I spent some of my lunch today seeing if I could use the rocket equation to come up with an equation for pay load mass. We can think of M0 and M1 in the equation as both being made up of two components - the rocket mass we know, and the payload mass that is unknown, and re-write the equation as

dV = ve * ln ( (m0 + x) / (m1 + x) )

Solving that for X gives the same formula as you had given:

X = ((Launch Ratio * M1) - M0 / (1 - Launch Ratio)

So I believe that unless we have both arrived at the wrong conclusion your formula should be spot on.

Now I'm curious to know how this can be applied to rockets with multiple stages, using different engines (that have different ISP).

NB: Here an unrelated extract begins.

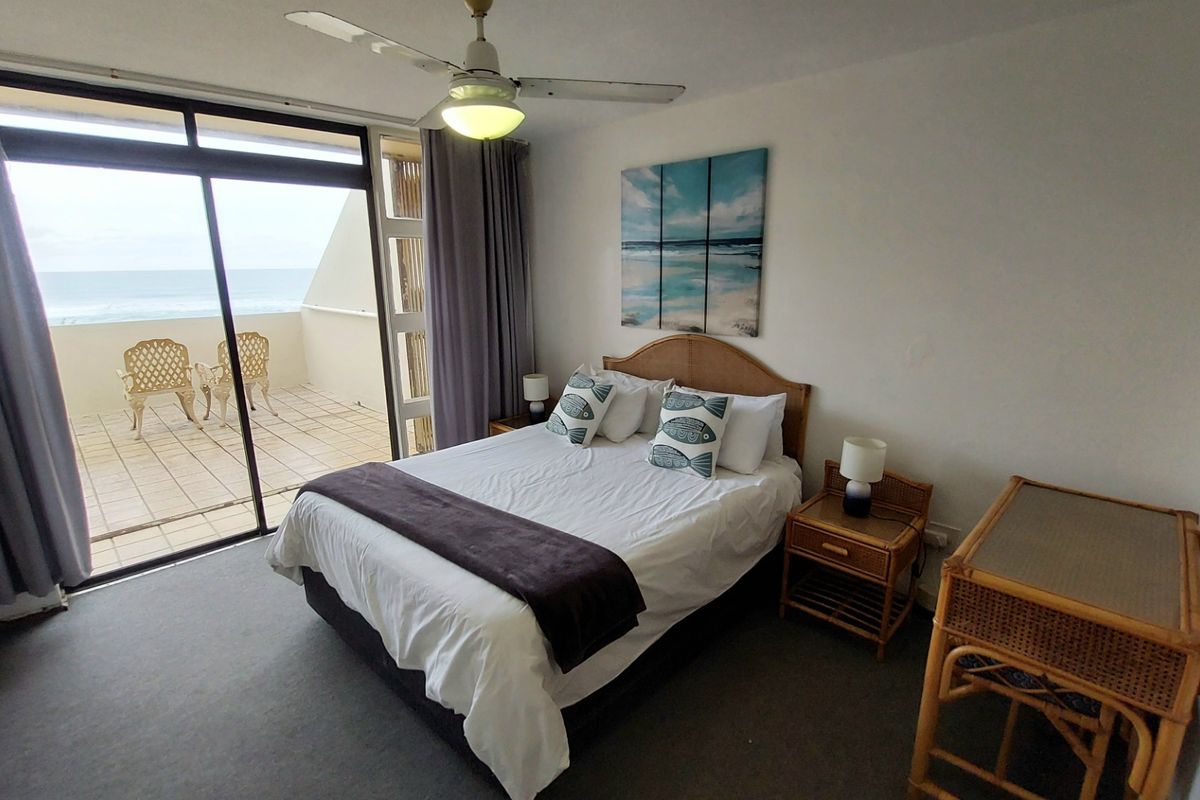 A bedroom featuring a ceiling fan and large sliding glass doors that open onto a private balcony with ocean views.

Thank you for the verification.

As to your concern regarding TWR; yes it is possible to design a rocket with a tiny engine and lots of fuel so that it has lots of deltaV but can't actually get off the ground. The only, but simple, way to guard against that is as capi said in post #8 - total your engines' thrust, divide by (gravity * minimum TWR) and recognise that as a cap on your total mass. In a spreadsheet you'd just use a min(calculated from deltaV, calculated from TWR) function to see which satisfies both constraints best.

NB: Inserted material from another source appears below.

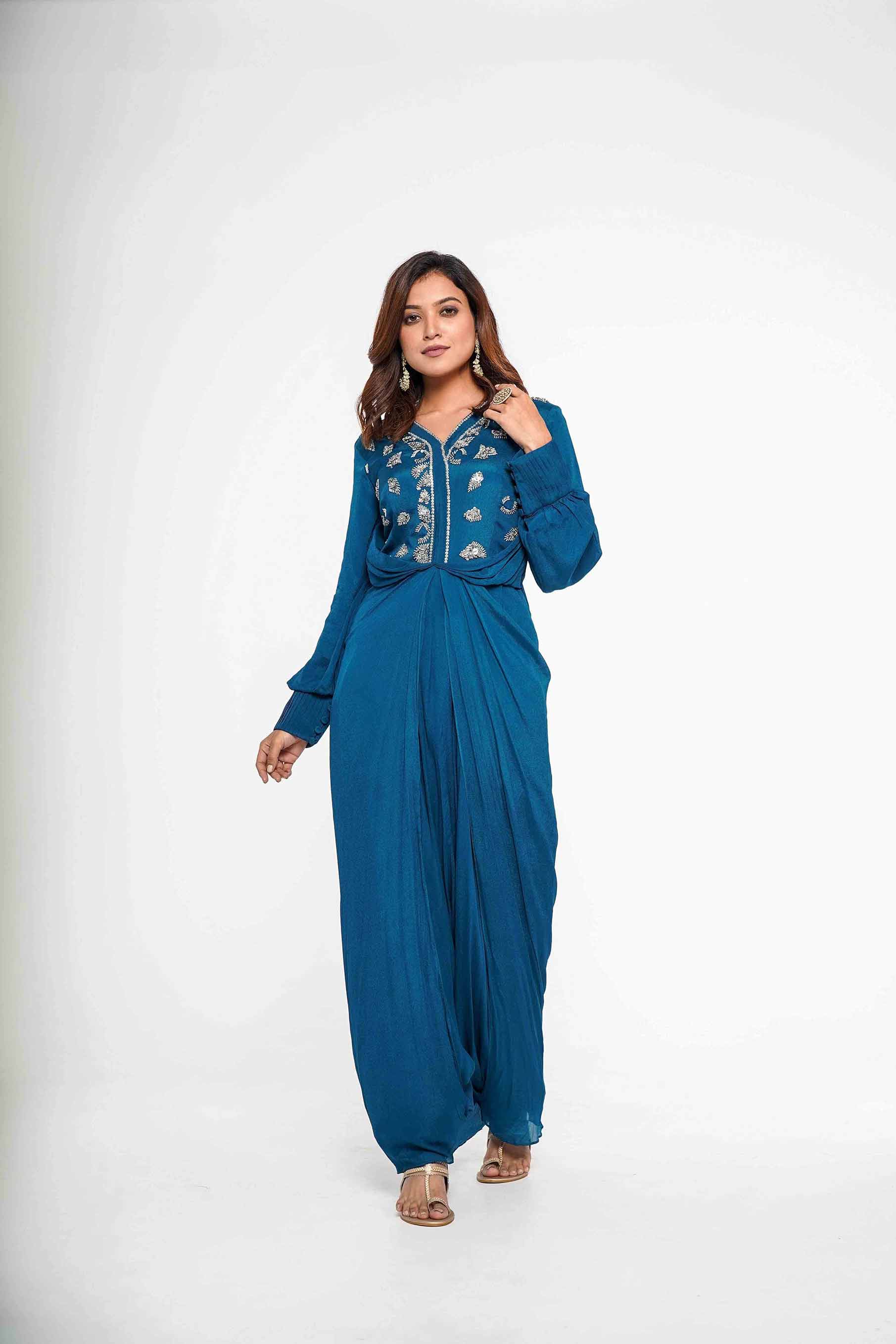 Teal Crepe Jumpsuit with an attached overlap panel.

To apply the formulae, or indeed the rocket equation itself, to multiple stages you simply apply them to each stage in turn, using the upper stage(s) + their payload as the total payload for lower stages. There is a bit more to consider in that you may want different TWRs at different points - high at launch, low at circularisation for instance.

Oh, and by the way I wasn't distraught yesterday. "Tired and emotional" is a euphemism for 'drunk'; I went to the pub last night so I wasn't really in a fit state for debugging equations.